There are several processes for making preforms, but most use a chemical vapour deposition process to achieve the high-purity needed in the fibre core. The starting material for this process in most cases is SiCl4, which is sourced at grades of at least 99.99% purity. Some key suppliers offer six “nines” or 99.9999% purity. The material quality includes metal ion impurities characterized as on the order of one part per billion or less. The chemical vapour deposition process has some similarities to part of the process for making semiconductor “chips.” The chip process, however, has other similarities to printing – laying down chemicals in a pattern, rather than bulk deposition on a cylinder.
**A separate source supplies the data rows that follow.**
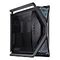 ASUS ROG Hyperion GR701 Window, Black (90DC00F0-B39000)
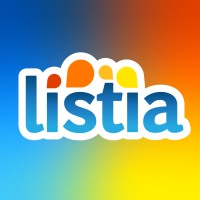 Listia Inc logo, Listia Inc contact details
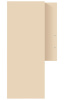 Maunfeld_Bath_Plus_402_Beige_08_ 25_02_2025 14_54_55.jpg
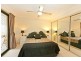 7 Ravensworth Place, Alexandra Hills QLD 4161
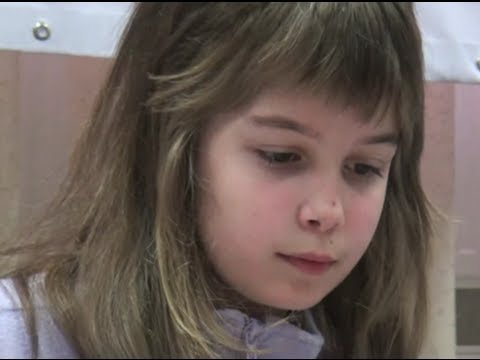 D10 9.3.  Andrea Slabá - Veronika Rudinská  1 - 0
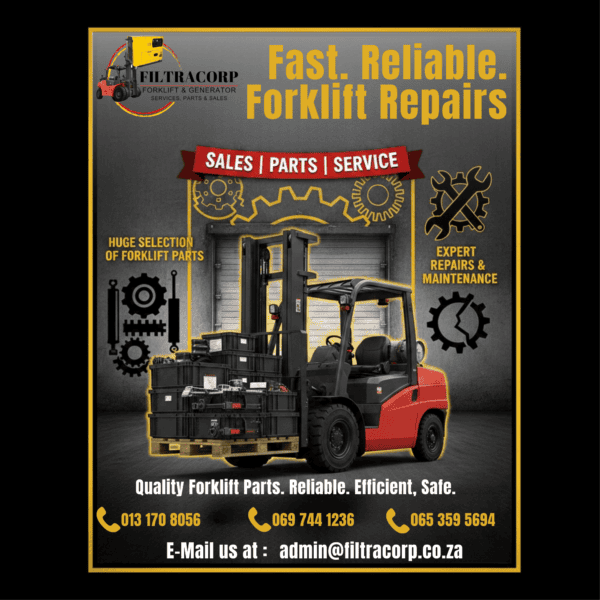 Gemini_Generated_Image_9wyhnr9wyhnr9wyh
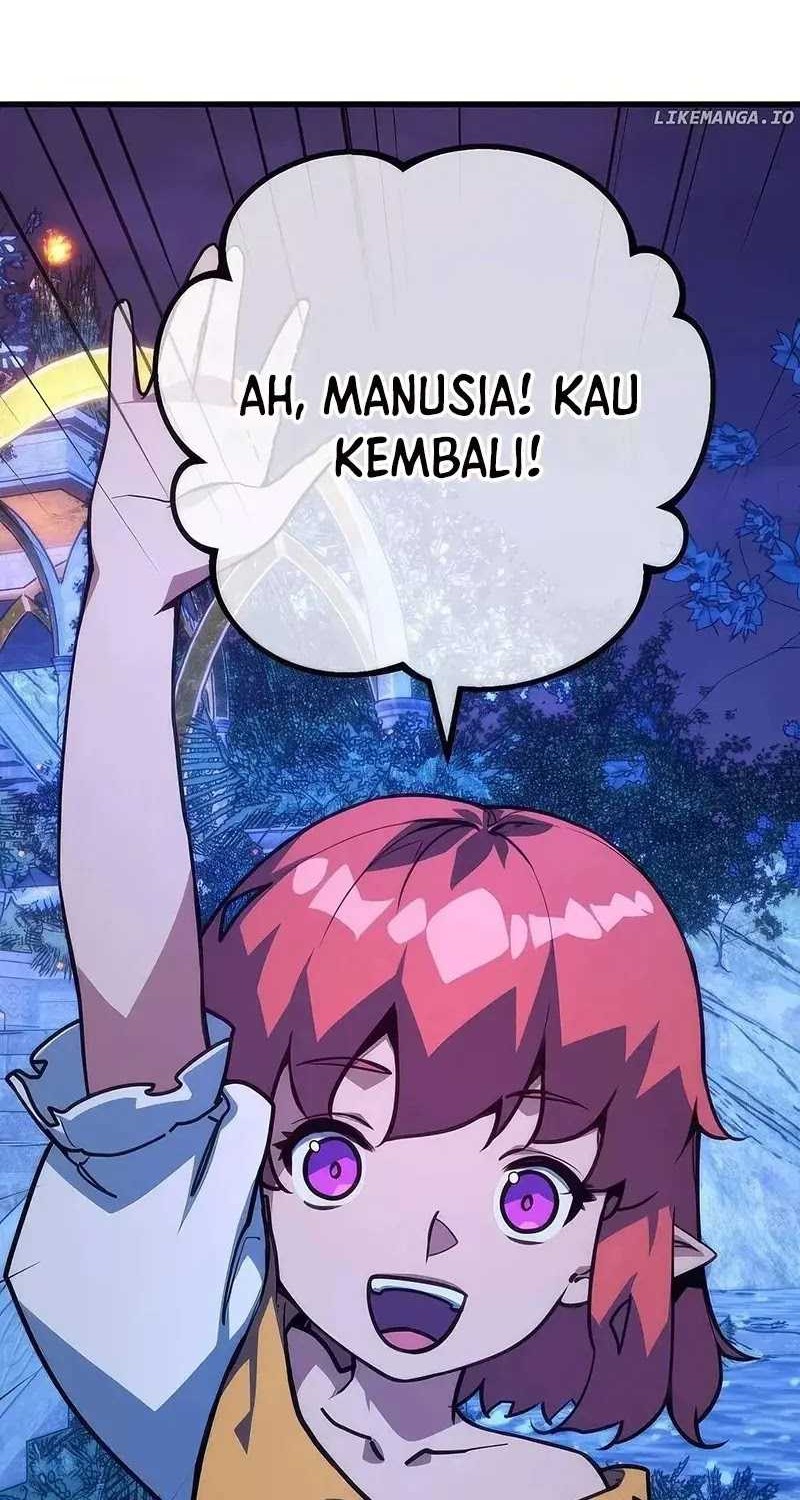 Halaman 12 dari 92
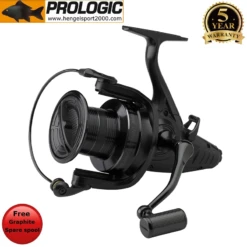 Prologic Element XD BF 7000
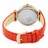 Relógio Feminino Gc Watches Y20004L3 (ø 34 mm)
The SiCl4, supplied to fibre makers in liquid form, is bubbled into the preform machine with O2. A heat source, either a flame or an RF plasma, drives the reaction in which SiO2 is deposited onto the substrate and Cl2 is collected. The preform machine can be set up horizontally, like a lathe, to deposit the silica materials while the preform is spinning on the centre line of the cylinder, or in a vertical chamber, to “grow” the silica materials downwards at the bottom of the cylinder.
Over the years, fibre makers have pursued improvements in the fibre-making process in three main areas: deposition rate, preform size, and draw speed. Other enhancements that have been critical in recent years include the coating materials and processes, the fibre geometries, the mix of dopants, and the chemical processes in the reactor chamber. But the three areas of deposition rate, preform size, and draw speed have a big effect on the costs and profitability of making fibre.
With the worldwide fibre shortage that began in 2016, telecom fibre prices have gone up 10% to 20%, depending on the country. Delivery times have stretched from months into quarters. Some large “integrated” fibre and cable companies have enough internal fibre capacity to supply their cable-making operations. Other “independent” cable companies must buy fibre, and the shortage has caused some independent cable makers to find new sources.
As of early 2017, several companies have announced projects to build new preform factories or expand existing factories. There are projects underway in China, India, and the US. These projects will add 2,000 to 3,000 tonnes of preform capacity to the world’s total starting in 2017. Some of the new capacity may not be on-line until late 2018 or early 2019. In any case, the additional capacity could bring 60 million to 100 million km of new fibre capacity into the market.
Will this be enough to end the shortage? This depends on the trend in optical cable demand. Installations in 2016 consumed 425 million fibre-km. If this market continues to grow at 10% per year, then 90 million km of new capacity will be used up in two years. Currently China is more than half the world market. China’s demand in 2017 is not expected to grow 10% compared with 2016, and the extent of growth in 2018 is further in doubt. Thus, all eyes are watching China’s carriers to see what their demand trend will be.
If China’s market is flat after 2017, then there will be a good chance that the new preform capacity will push the world into an oversupply situation in 2018. This could result in lower prices and also more difficulty in achieving payback on some of the new preform capacity. In the longer term, there are signs that 5G mobile network construction and fibre-to-the-home projects can keep the market at high levels – above 425 million fibre km well into the next decade. In some of the 5G mobile networks, fibre will be used to deliver the “traffic” or signals to the mobile base stations and the radio heads.